KEYs are integers consisting of N digits. For our purpose, we may need to pad small KEYs on the left with zeros. For example, if our keys have at most 3 digits, a small key such as 12 will be regarded as consisting of the 3 digits: 0, 1 and 2 (as if it were written 012).

Radix Sort proceeds in N steps. The input to Step k is a list sorted according to criterion C(k-1), and its output is a list sorted according to criterion C(k), where C(k) is a stronger criterion than C(k-1). The final criterion C(N) is the usual order relation <=.

What is this criterion C(k)? Simply this: it is <= applied only to the k least significant digits.

Initially, k = 0 and the list is trivially ordered according to criterion C(0) because, when using no digit, all keys look the same. They are all equal according to criterion C(0).

The technical trick used by Radix Sort requires that the list L be represented, not as one single long list, but rather as an array of R buckets, where each bucket B(i) is a list. L corresponds to the concatenation of the B(i)'s.

Each bucket is a list ordered from smallest to largest (according to C(k)) - we call this Condition 1 - and everything in B(i+1) is larger than everything in B(i) - we call this Condition 2. Therefore, L = JOIN(B(1),...,B(R)) is ordered from smallest to largest according to criterion C(k).

Step k takes as input an array B of buckets ordered according to criterion C(k-1), and produces as output a new array B' of buckets ordered according to C(k). It achieves this result by inserting one element at a time into the output array B' in such a way that Condition 1 and Condition 2 are always preserved.

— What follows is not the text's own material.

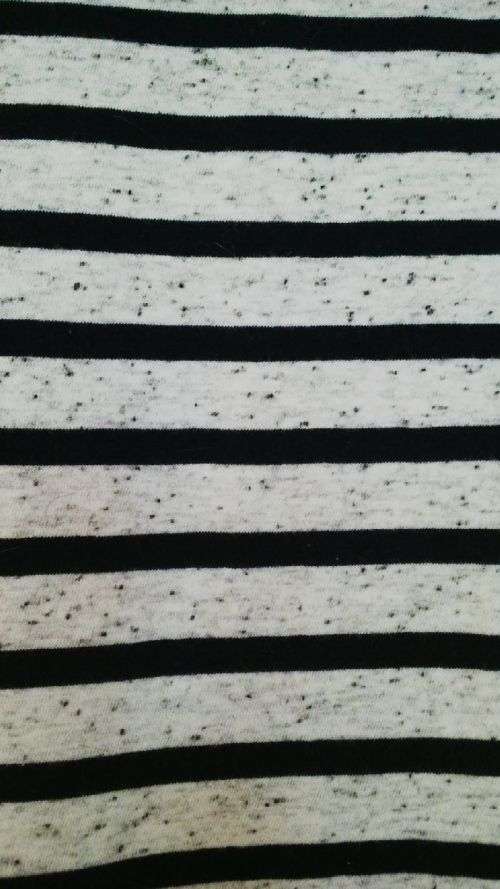 Black and grey striped T shirt By Cotton on "Brunswick" Size Small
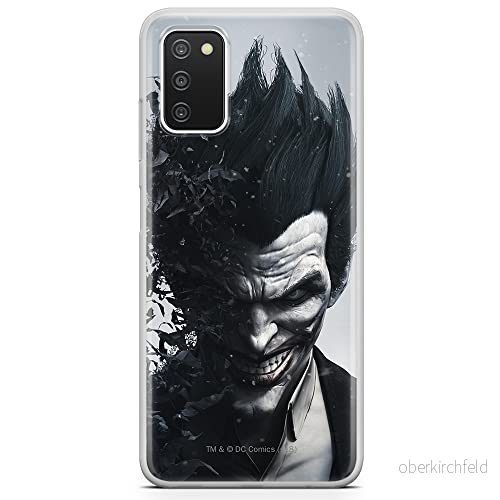 ERT GROUP mobiltelefonfodral för Samsung A03S originalt och officiellt licensierat DC mönster Joker 002 optimalt anpassad till formen på mobiltelefonen, fodral tillverkad av TPU plast 5903932992595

Here is the method: Step k processes each element of L in increasing C(k-1) order. This is achieved by processing input buckets from B(1) to B(R), and each bucket from front to back.

For each element: it uses the k-th least significant digit as an index and adds the element at the end of the corresponding output bucket. E.g. if the digit has value i, the element ends up at the end of bucket B'(i).

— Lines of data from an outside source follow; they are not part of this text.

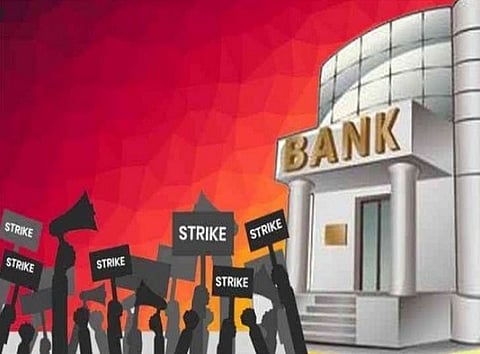 Bank strike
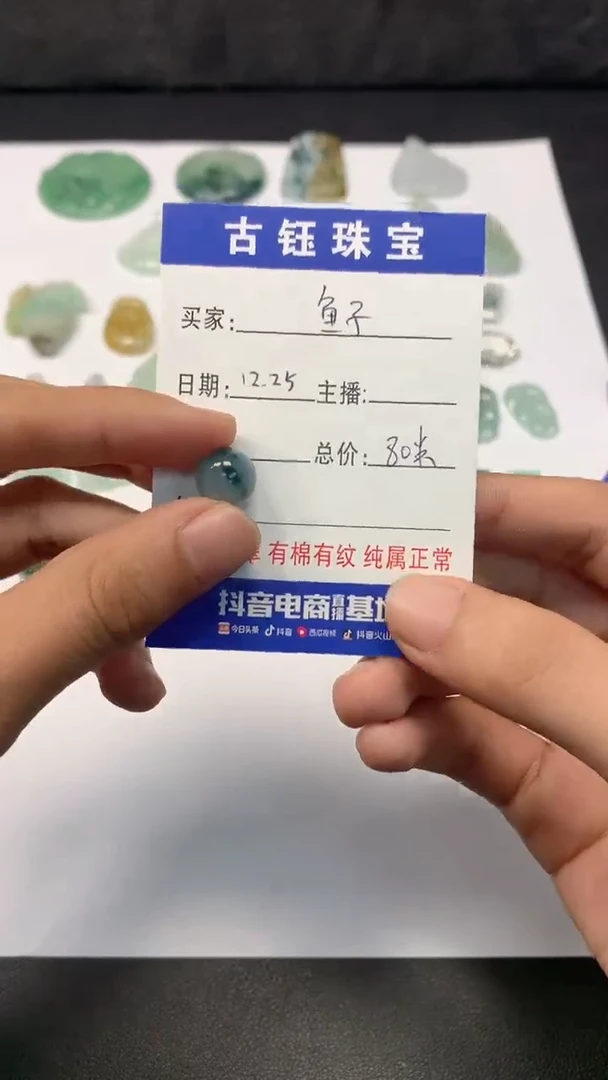 【闪购商品】翡翠颈饰未镶嵌珠子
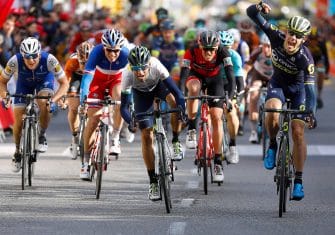 Orica-Scott, mucho más que una sonrisa fácil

Thus every key in output bucket B'(i) has i in least significant digit position k. Consequently everything that is put in B'(i+1) is greater, according to C(k), than everything that is put in B'(i) (because the most significant digit used in the comparison is the one in position k and they are respectively i+1 and i). Thus Condition 2 is preserved.

By processing elements in increasing order according to C(k-1) and always inserting at the end of output buckets, we maintain the invariant that each output bucket remains sorted according to C(k-1). Why? Because every element that is inserted later in the output array is thus guaranteed to be larger, according to C(k-1), than everything that is already in the output array.

Now, notice that every element in output bucket B'(i) has i in least significant digit position k. Therefore, within B'(i), comparing keys according to C(k) is the same as comparing them according to C(k-1). Therefore, B'(i) is also sorted according to C(k). Thus Condition 1 is preserved.

We initialize the process by putting the original list, which, as we remarked, is trivially sorted according to C(0), into B(0). Thus Conditions 1 and 2 are satisfied by the initial array.

Finally, we concatenate the buckets returned by step N to obtain the complete sorted list: JOIN(B(1),...,B(R)).

Note:

The above discussion is best understood by assuming that R = 10 and that each digit lies in the range 0-9; in other words, that we use the digits of the keys expressed in base 10; but this doesn't have to be the case. We could use an arbitrary base (or radix) R, in which case we would use arrays of R buckets (because digits in base R range from 0 to R-1).

In C, base 256 is often used because the digits are then just the bytes used to represent the key, and bytes are easy to extract by regarding the key as an array of unsigned char.